The Pokemon Go bubble doesn’t show any signs of bursting right now, though it already has for Nintendo.
Two weeks ago, we reported that Nintendo’s shares had risen sharply due to the popularity of the augmented reality phenomenon, which recently hit iOS and Android smartphones. This was in spite of the fact that Nintendo itself doesn’t actually own the franchise. The IP really belongs to The Pokemon Company, which was formed from a joint investment between not only the Mario maker but also Game Freak and Creatures. As such, the actual profit Nintendo will make from the app’s success is drastically reduced. Others are finally starting to grasp that fact.
Nintendo put out a statement last Friday clarifying that Pokemon Go would have a “limited” impact on the company’s “consolidated business results”. As a result, The Guardian reports that the company’s shares have fallen 17% today. That’s a sharp drop but it’s also important to point out that these shares rose far higher than they’ve fallen thus far, so it could be that Nintendo still comes out of this on a positive note, especially as Pokemon Go continues to grow in popularity with its recent launch in Japan.

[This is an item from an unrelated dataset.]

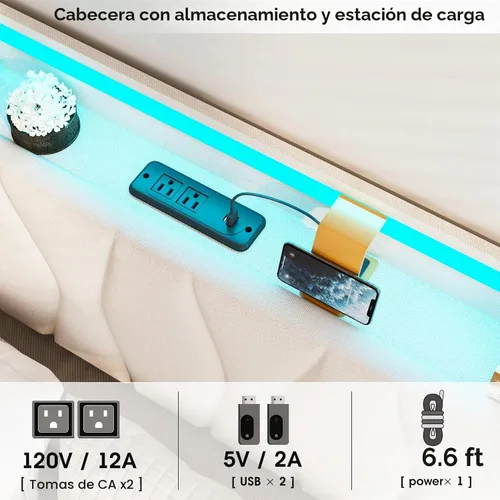 Vista 6 de Fameill Marco de Cama Twin con Almacenamiento Elevable, Cabecera Ajustable, Estación de Carga, Luces LED, Listones de Madera, Sin Ruido, No Requiere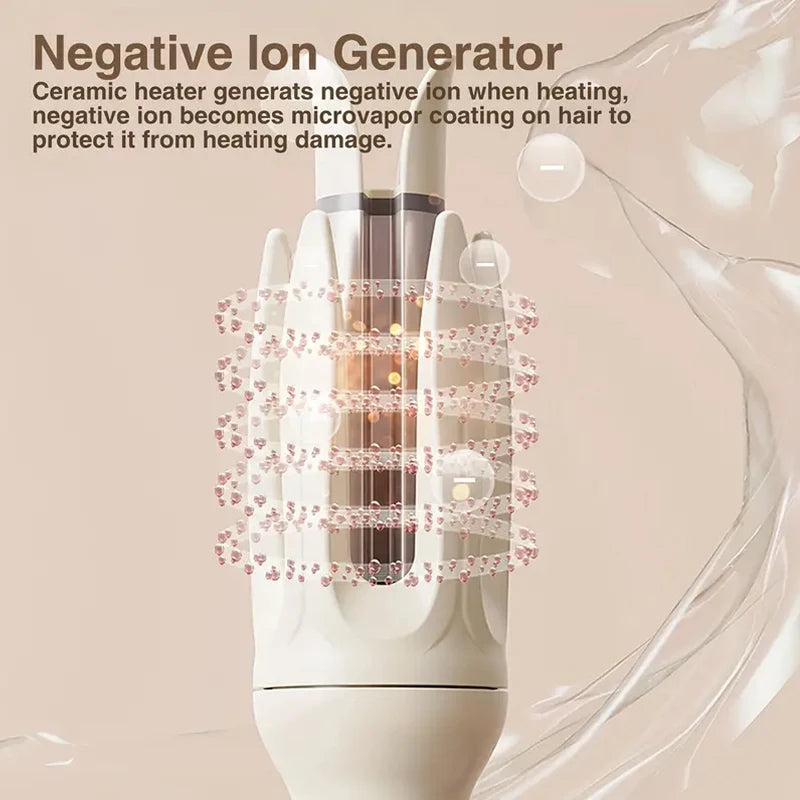 A professional automatic curling iron is shown with negative ions coating the hair for protection.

Still, this may be a sign of things to come. Nintendo is planning to embrace smart devices with its own stable of IP and we can see a Super Mario game or something along those lines easily having a similar sort of impact on the market, AR or not. As for VR? The company remains coy on if it could be working on its own headset, recently confirming that it was indeed looking into the tech but not commenting on the rumors that its upcoming console, codenamed NX, could support it. It’s due for release early next year so hopefully we’ll find out soon.
Pokemon Go, meanwhile, continues to make headlines thanks to the sheer amount of people playing it. Niantic’s game has recaptured the spirit of franchise’s beginnings. Long may it reign.